Braced For The Worst In 2009/10

Given the small, open nature of the regional economy, we believe that the Caribbean will suffer a prolonged period of economic recession – far worse than the downturn witnessed during the post-September 11 tourism slump. We are projecting regional real GDP growth of -2.5% and -0.3% this year and next, but warn that the risks remain skewed to the downside should global demand destruction hurt the Caribbean’s key industries – specifically, financial services, real estate and tourism – more than currently anticipated. As economic activity cools and unemployment rates start to grind higher, there is a risk of widespread public disgruntlement, which could lead to increasing protests, provoke an already-fragile security environment and erode the popularity of governments across the board. In this Special Report, we assess which countries are likely to suffer most as a result of the acute external headwinds, and which are best placed to recover once the global dust settles. ( )

With none of the major countries in the Caribbean facing general elections this year, we expect a measure of political stability in 2009. Having said that, local authorities will have their work cut out to curb the growing violent crime problem that has plagued the region in recent years. According to preliminary figures, Jamaica and Trinidad & Tobago both suffered their bloodiest year on record in 2008, registering homicides of 1,600 (62 per 100,000) and 549 (42 per 100,000) respectively. While both governments have outlined a more dynamic security policy framework going forward, we believe that the crime issue will remain a major problem for policymakers going forward.

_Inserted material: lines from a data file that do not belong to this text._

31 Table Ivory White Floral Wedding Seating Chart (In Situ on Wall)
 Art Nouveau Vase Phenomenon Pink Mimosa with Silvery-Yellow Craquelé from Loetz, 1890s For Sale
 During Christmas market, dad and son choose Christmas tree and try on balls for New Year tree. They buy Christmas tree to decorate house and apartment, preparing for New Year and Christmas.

The economic outlook in the Caribbean is gloomy, with much of the region staring down the barrel at recession. Few countries, if any, will remain unscathed, with only Trinidad & Tobago out of our ‘big six’ (including Puerto Rico, Guyana, Barbados, the Dominican Republic and Jamaica) projected to register positive growth in 2009. The main risk is a deeper and more protracted recession in the US and UK – two developed world markets which are vital for the influx of tourism, remittances, and financial services earnings into the region.

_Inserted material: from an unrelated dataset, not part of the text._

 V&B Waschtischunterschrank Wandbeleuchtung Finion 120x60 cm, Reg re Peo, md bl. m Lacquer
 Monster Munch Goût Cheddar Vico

The government bailout of Trinidad & Tobago’s financial giant CL Financial Group and the Stanford Group scandal have sent shockwaves across the Caribbean financial system. Given the exposure of the firm to a wide array of industries across the regional economy, the resilience of the Caribbean banking sector could come under pressure in 2009. Add to the mix the likely weakness of offshore financial hubs (such as the Cayman Islands) due to the precarious position of developed world hedge funds and Washington disapproval over regulatory frameworks, and we caution that the outlook for Caribbean finance looks sombre.